Périgueux : le temple maçonnique historique vandalisé par des tags injurieux
Une plainte a été déposée après la découverte de graffitis sur la façade de l'édifice protégé, construit en 1869 et inscrit aux monuments historiques.
Le temple maçonnique de Périgueux a été vandalisé dans la matinée du 15 juillet 2026. Des tags injurieux ont été découverts sur la façade nord de l'édifice historique, provoquant l'indignation de la communauté franc-maçonne. Une plainte a été déposée.
L'essentiel
Ce qu'il faut retenir
- Des tags injurieux ont été découverts le 15 juillet 2026 sur la façade du temple maçonnique de Périgueux, rue Saint-Front.
- L'édifice, construit en 1869, est inscrit aux monuments historiques depuis le 29 octobre 1975.
- Une plainte a été déposée au commissariat de Périgueux, mais l'enquête s'annonce complexe faute de caméras ou de témoins.
- Les tags ont été nettoyés le jour même de leur découverte.
Des graffitis injurieux ont été découverts le matin du 15 juillet 2026 sur la façade nord du temple maçonnique de Périgueux, rue Saint-Front. Les tags ont été qualifiés de « nauséabonds et salaces » par Pascal Serre, ancien maire de Chancelade et connaisseur du monde maçonnique, selon Sud Ouest.
Une plainte a été déposée auprès du commissariat de Périgueux pour identifier les auteurs de cet acte de vandalisme. Les tags ont été nettoyés et effacés le jour même de leur découverte.
Un édifice protégé depuis 1975
Le temple maçonnique de Périgueux a été construit en 1869 dans un style mauresque balkanique. Ses façades et toitures sont inscrites au titre des monuments historiques depuis le 29 octobre 1975, selon la base Mérimée du ministère de la Culture.
L’édifice avait déjà été ciblé par le passé, mais l’intensité des messages actuels est jugée inédite par Pascal Serre, rapporte Dordogne Libre. L’événement lui a rappelé « les temps sombres de l’occupation », en référence aux persécutions subies par les francs-maçons sous le régime de Vichy.
Une enquête complexe
L’enquête pour retrouver les coupables pourrait s’avérer difficile. Selon Dordogne Libre, il n’y aurait ni caméras de surveillance ni témoins directs pour orienter les investigations. Les forces de l’ordre devront s’appuyer sur d’autres moyens pour identifier les auteurs.
Les actes de vandalisme visant des édifices historiques peuvent être punis de peines aggravées. La dégradation d’un monument protégé est passible de sanctions pénales renforcées au titre du patrimoine culturel.
Contexte dans la Dordogne
Périgueux, préfecture de la Dordogne, compte environ 30 000 habitants.

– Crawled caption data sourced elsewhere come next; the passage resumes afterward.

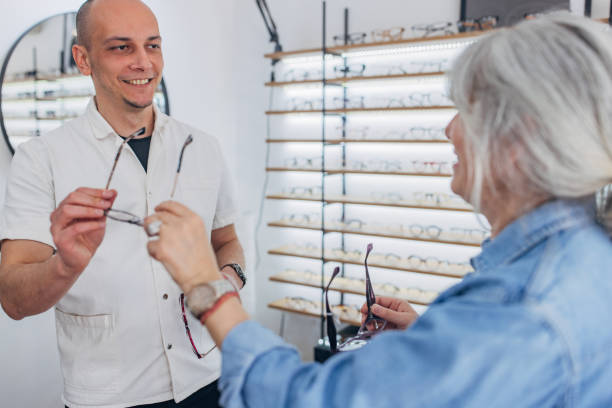 istock Optical store staff assisting woman with glasses. 2159664320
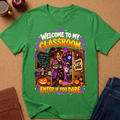 A green short-sleeve graphic T-shirt laid flat on a cork surface, surrounded by styled props including a brown notebook, an apple, a mug, and blue jeans. The shirt features a large Halloween-themed classroom graphic with the text 'WELCOME TO MY CLASSROOM' and 'ENTER IF YOU DARE.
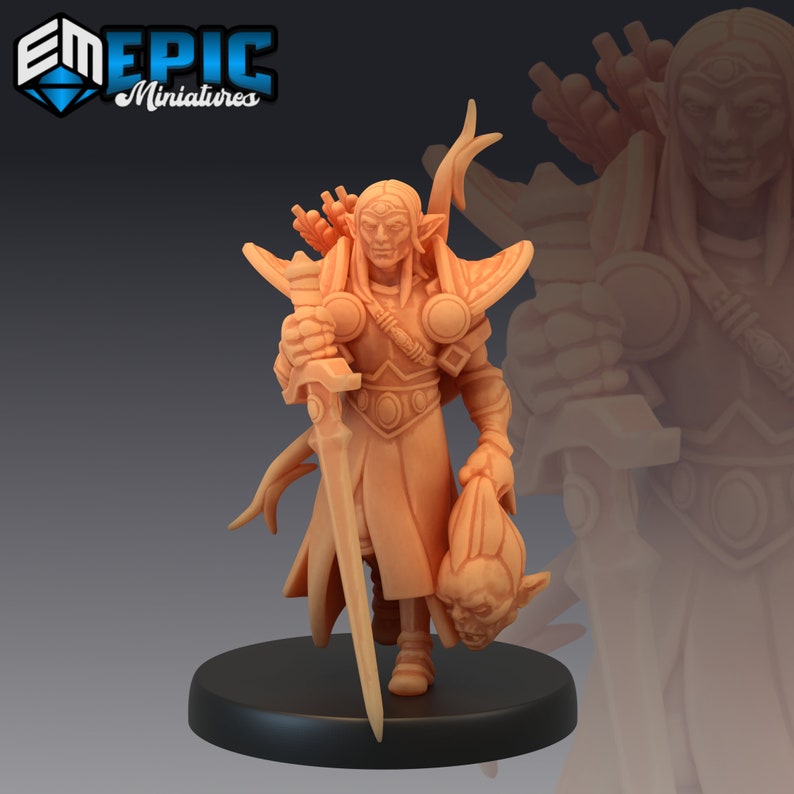 May include: A painted miniature figurine of an elf warrior holding a sword and a severed head. The elf is wearing armour and has long, flowing hair. The miniature is painted in a light brown colour.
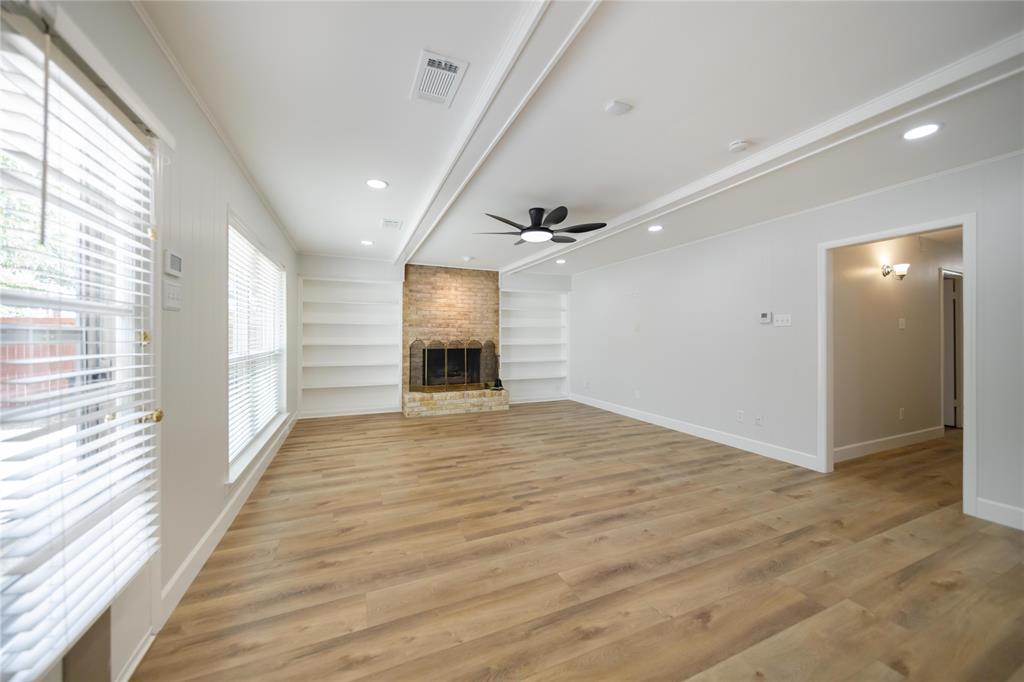 Living area featuring wood-finish flooring, a masonry fireplace with built-in shelving, recessed lighting, and a ceiling fan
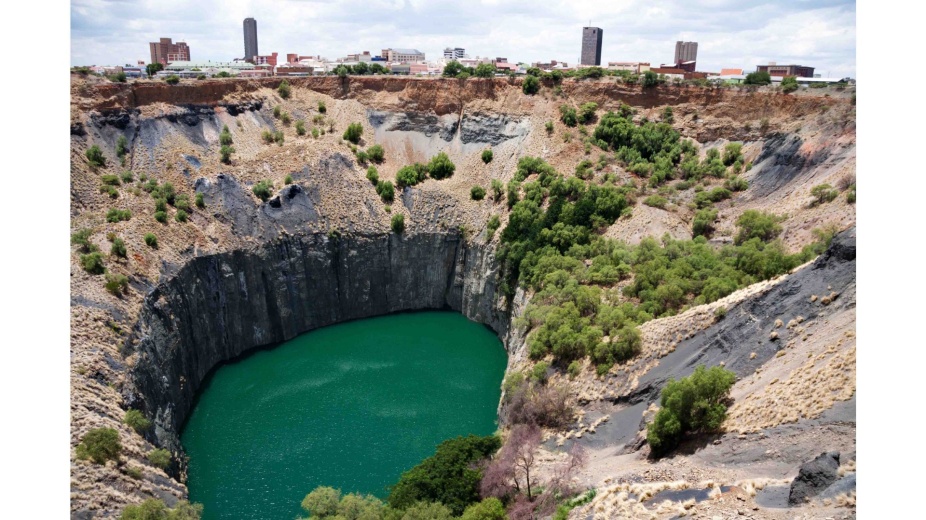 Photograph: Big Hole, Kimberly, South Africa, where the company, De Beers Consolidated Mines Limited, originated in 1888. The mining operations closed in 1914. Today, the site is now a tourist destination supported in part by the company and based on the theme "Diamonds and Destiny". 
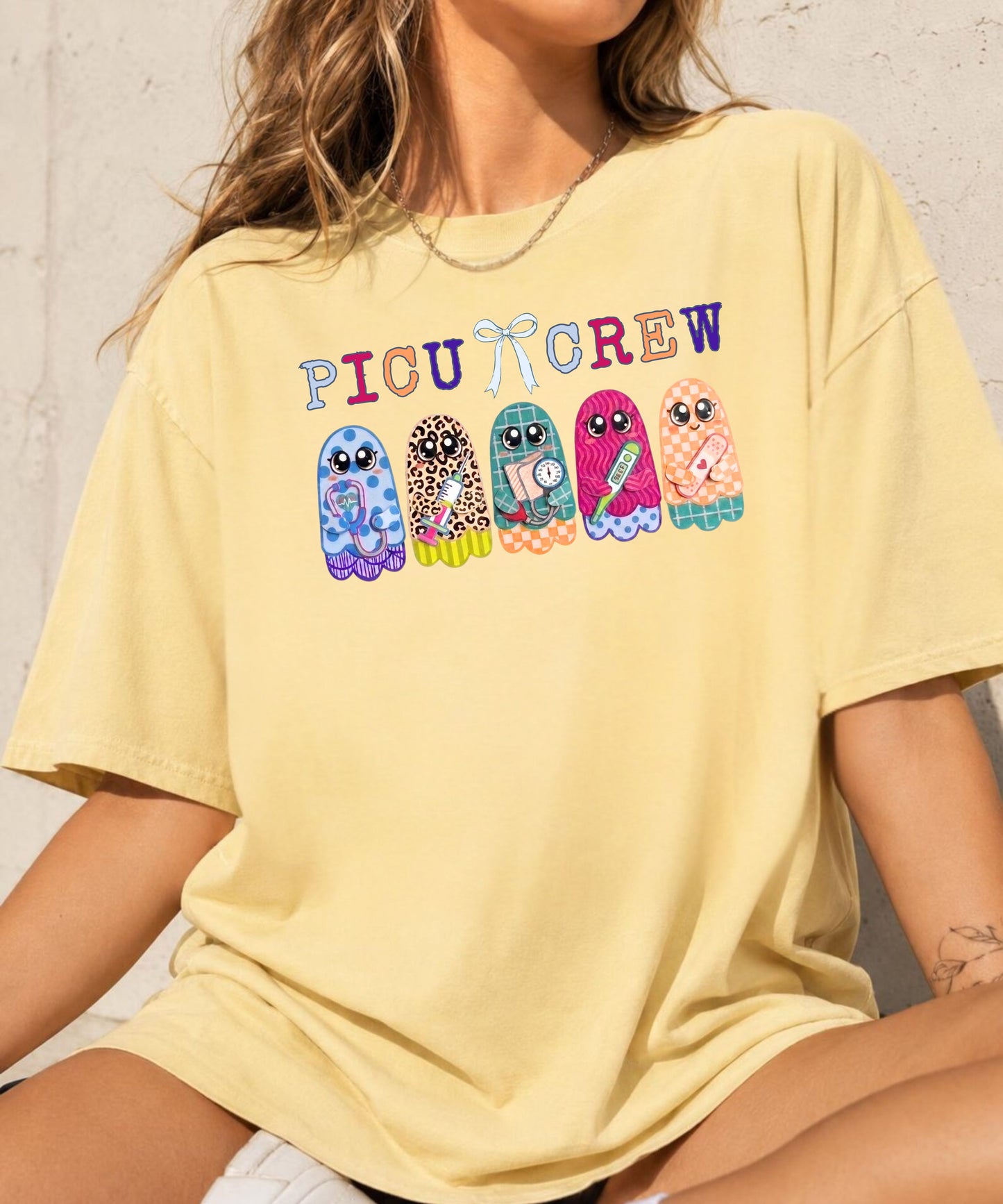 Woman wearing butter yellow garment-dyed PICU Crew t-shirt with five colorful patterned ghosts holding nursing tools — stethoscope, syringe, blood pressure cuff, thermometer, and bandaids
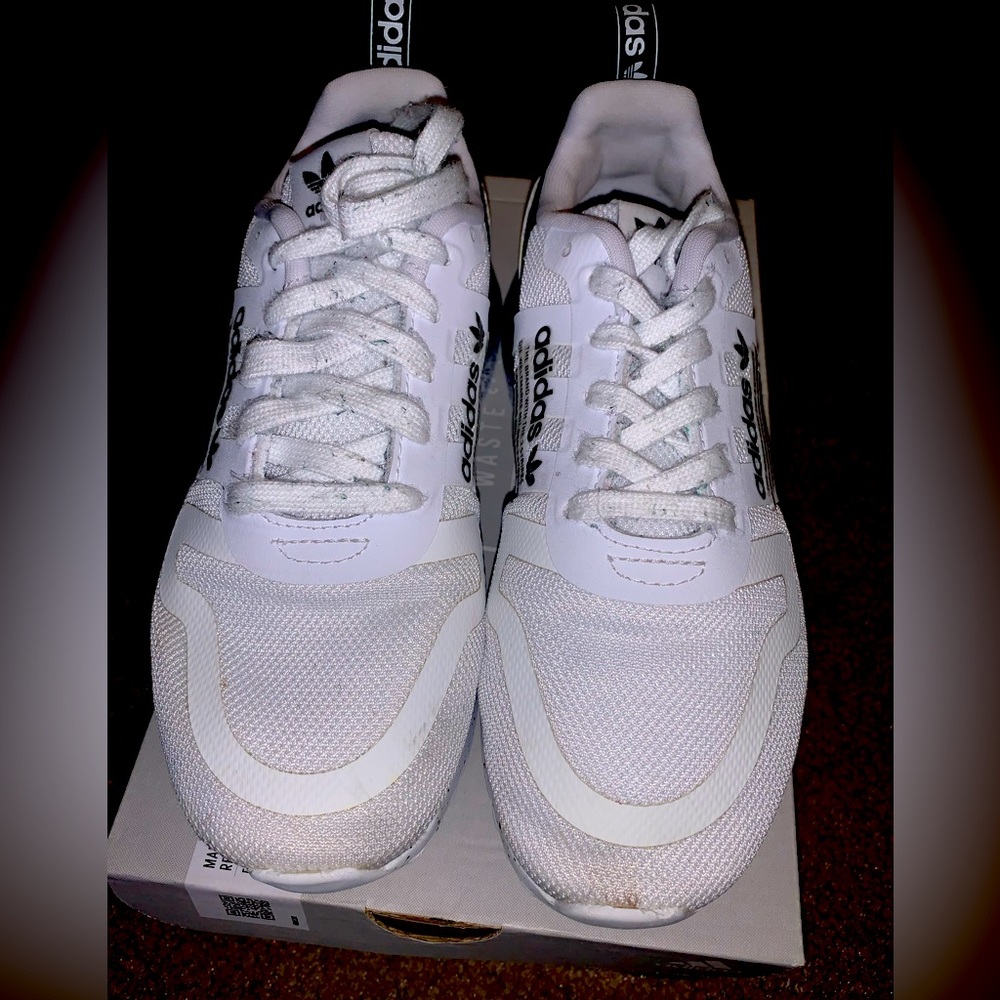 Gently used boys black and white Adidas X Speed Portal.3 size 3.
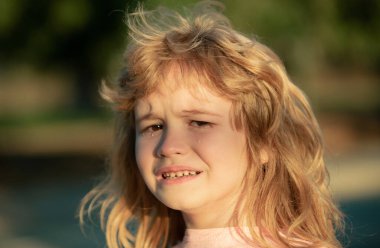 Dışarıda ağlayan çocuğun yakından çekilmiş yüzü. Çocuklar ağlar. Oğlan dargınlık ve keder içinde ağlıyor.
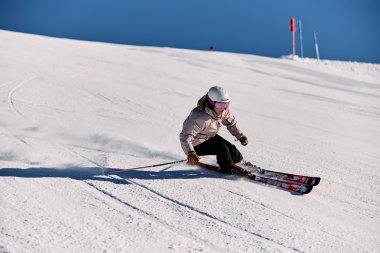 Frau beim Skifahren im Schnee, trägt Schutzhelm und Sportkleidung, skis zum Abfahren benutzt. | © Kleinwalsertal Tourismus eGen • Fotograf: Oliver Farys
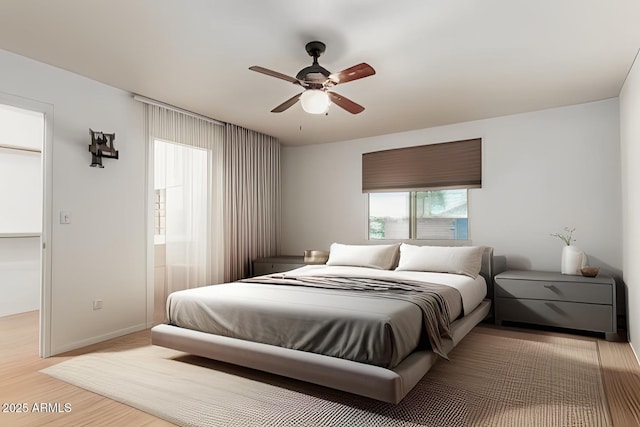 bedroom with light wood-style flooring, baseboards, and ceiling fan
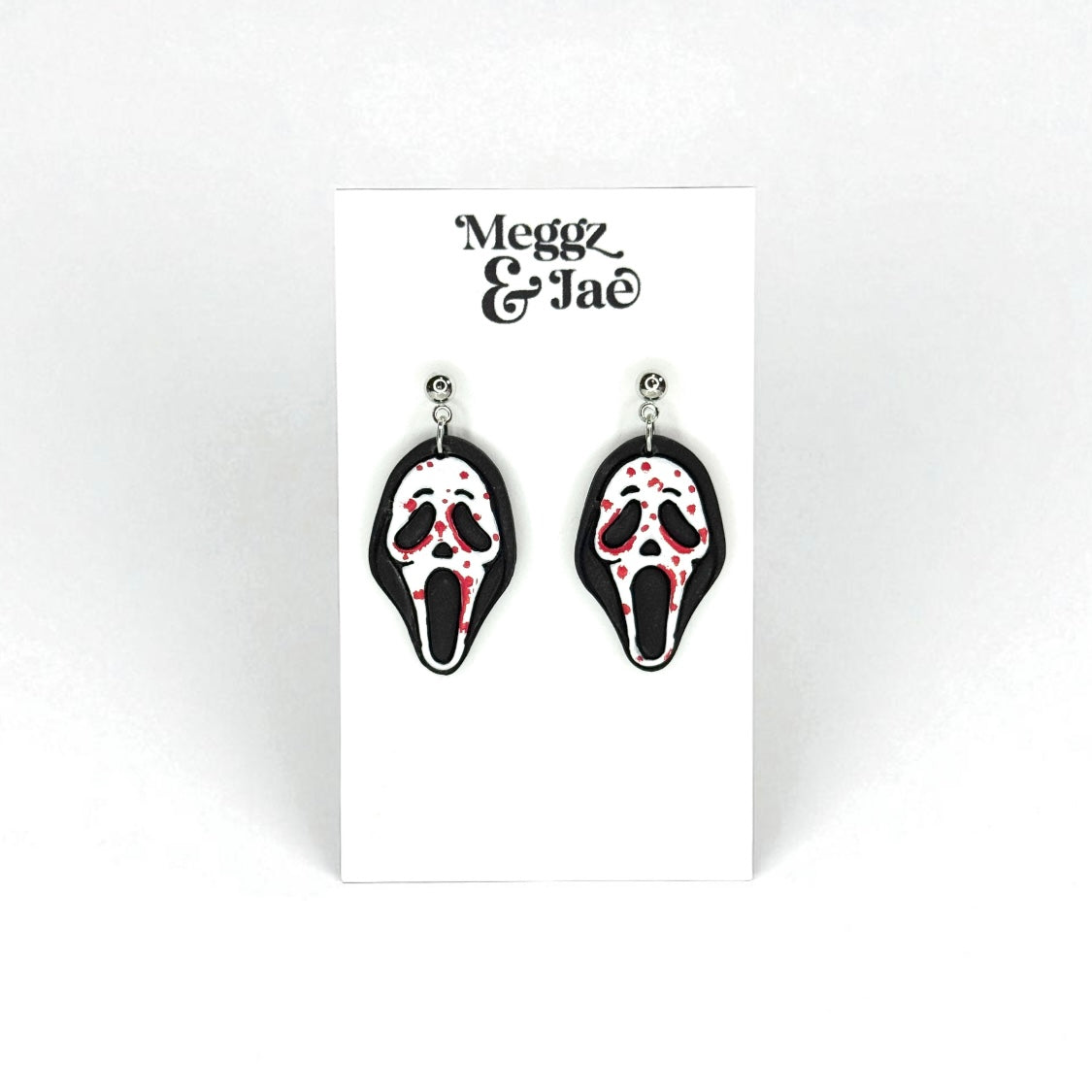 “Scary” movie ghost face polymer clay dangle earrings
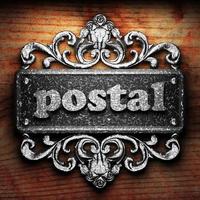 postal word of iron on wooden background photo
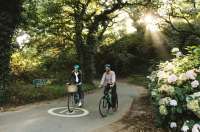 A couple cycling in Jersey's green lanes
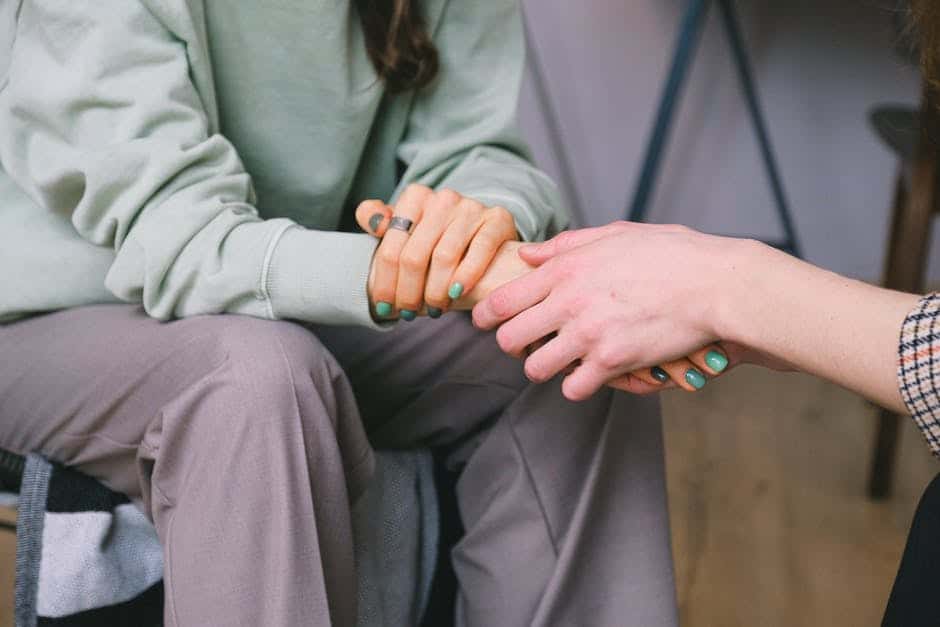 a therapist holds a person's hands in support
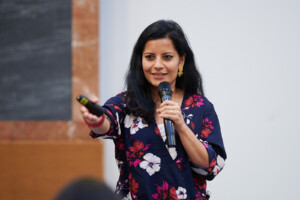 Sukti Dhital from the Robert L. Bernstein Institute for Human Rights at NYU School of Law gives the microphone to a participant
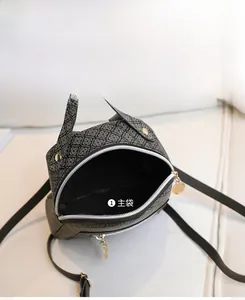 Detail view of the spacious main pocket in a patterned backpack with durable zipper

La ville abrite plusieurs édifices classés ou inscrits aux monuments historiques, dont la cathédrale Saint-Front et des vestiges gallo-romains.
Le département de la Dordogne recense environ 900 monuments historiques protégés répartis sur l’ensemble du territoire, selon les données du ministère de la Culture. Les actes de vandalisme restent rares mais provoquent systématiquement l’indignation des associations de défense du patrimoine.
Les communautés maçonniques périgourdines n’ont pas communiqué publiquement sur cet acte, mais l’indignation se fait sentir au sein du milieu franc-maçon local. Pascal Serre a exprimé son émotion face à ces dégradations qui touchent un lieu chargé d’histoire.
Prochaines étapes
L’enquête suit son cours au commissariat de Périgueux. Les services de police devront déterminer si d’autres actes similaires ont été commis dans le secteur et si un lien peut être établi avec des mouvements organisés.
La communauté franc-maçonne locale attend des résultats concrets de l’enquête. L’identification des auteurs permettrait de sanctionner un acte jugé particulièrement grave par les défenseurs du patrimoine historique.